■ Your objective
The copy you print must match the listing exactly, with its pictures removed.

■ Supplied records

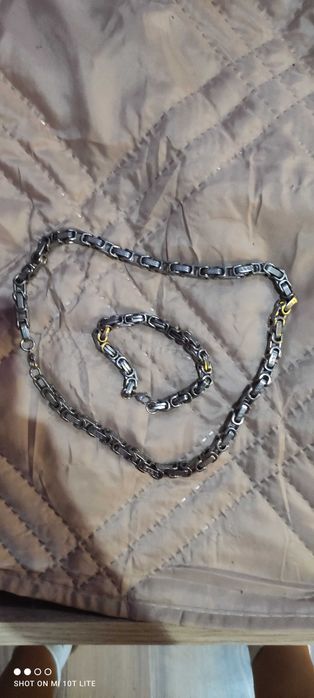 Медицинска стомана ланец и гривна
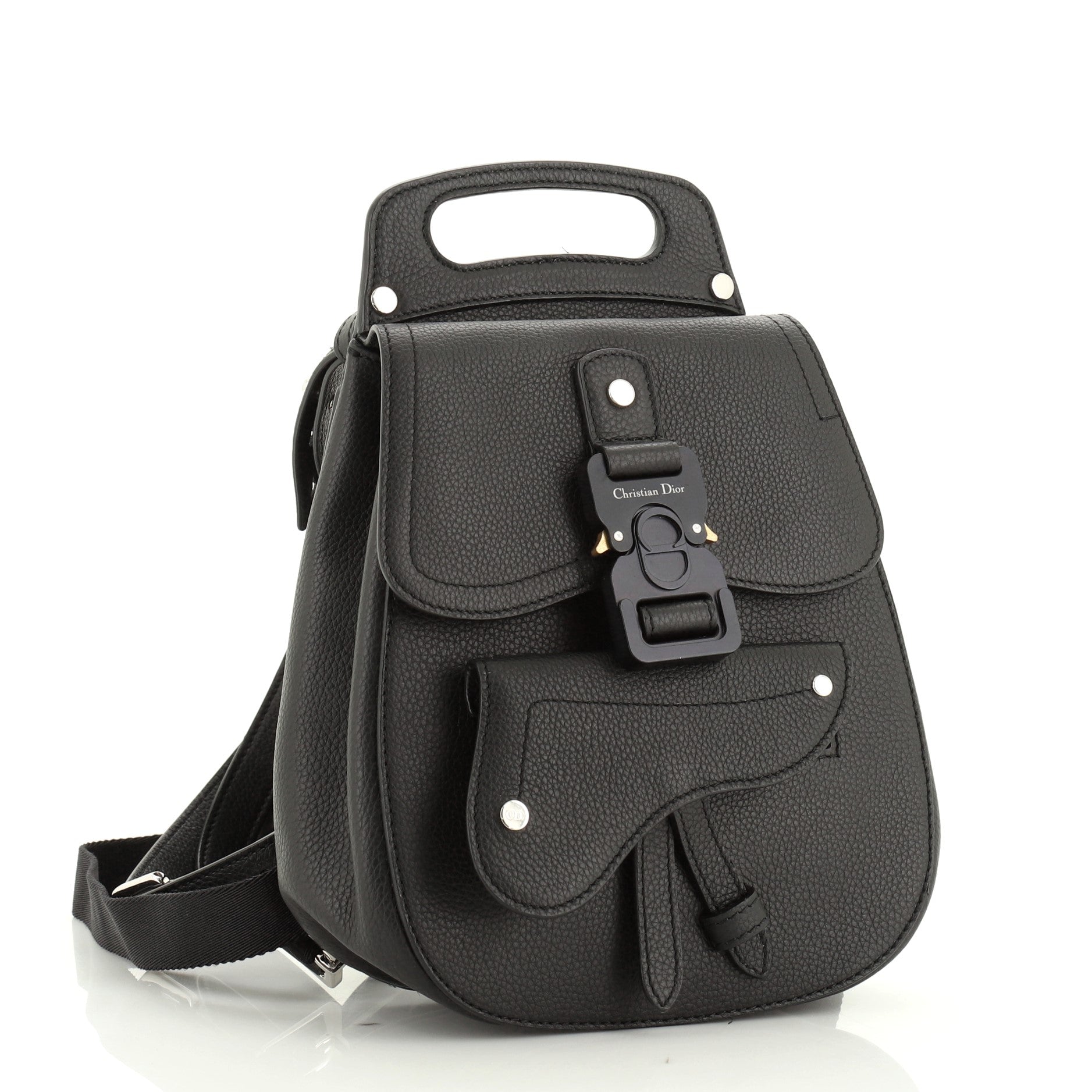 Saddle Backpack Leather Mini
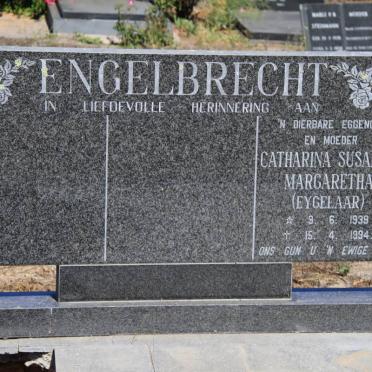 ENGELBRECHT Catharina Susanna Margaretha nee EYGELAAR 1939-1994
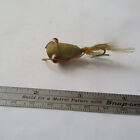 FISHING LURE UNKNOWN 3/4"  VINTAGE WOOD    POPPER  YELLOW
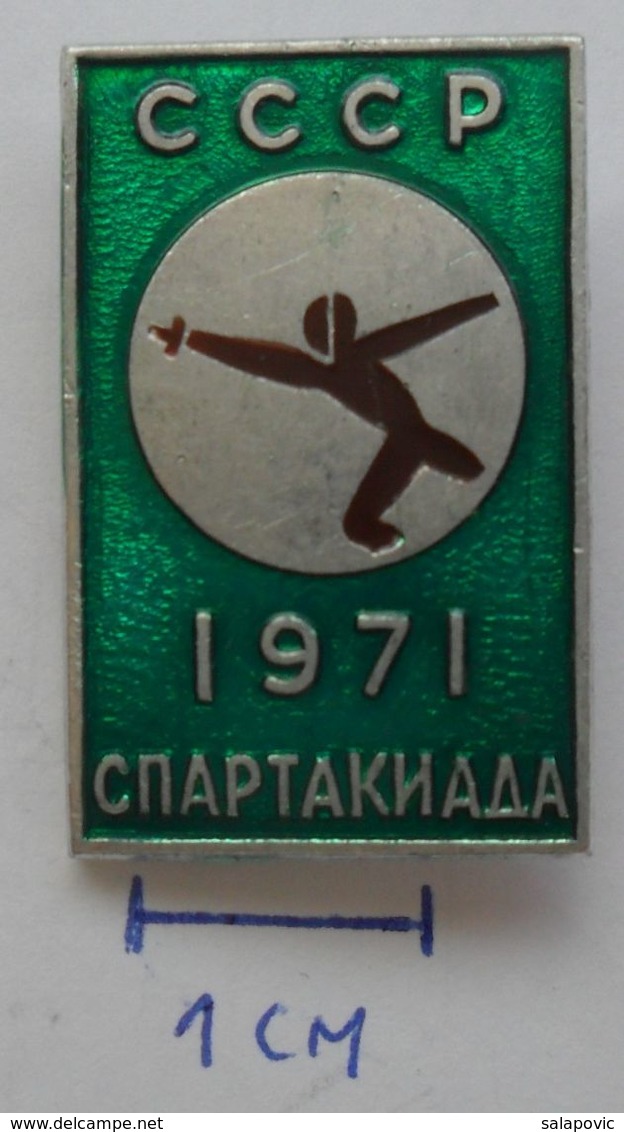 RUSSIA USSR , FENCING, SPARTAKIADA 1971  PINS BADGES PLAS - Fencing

■ Exercise solution
 Медицинска стомана ланец и гривна
 Saddle Backpack Leather Mini
 ENGELBRECHT Catharina Susanna Margaretha nee EYGELAAR 1939-1994
 FISHING LURE UNKNOWN 3/4"  VINTAGE WOOD    POPPER  YELLOW
 RUSSIA USSR , FENCING, SPARTAKIADA 1971  PINS BADGES PLAS - Fencing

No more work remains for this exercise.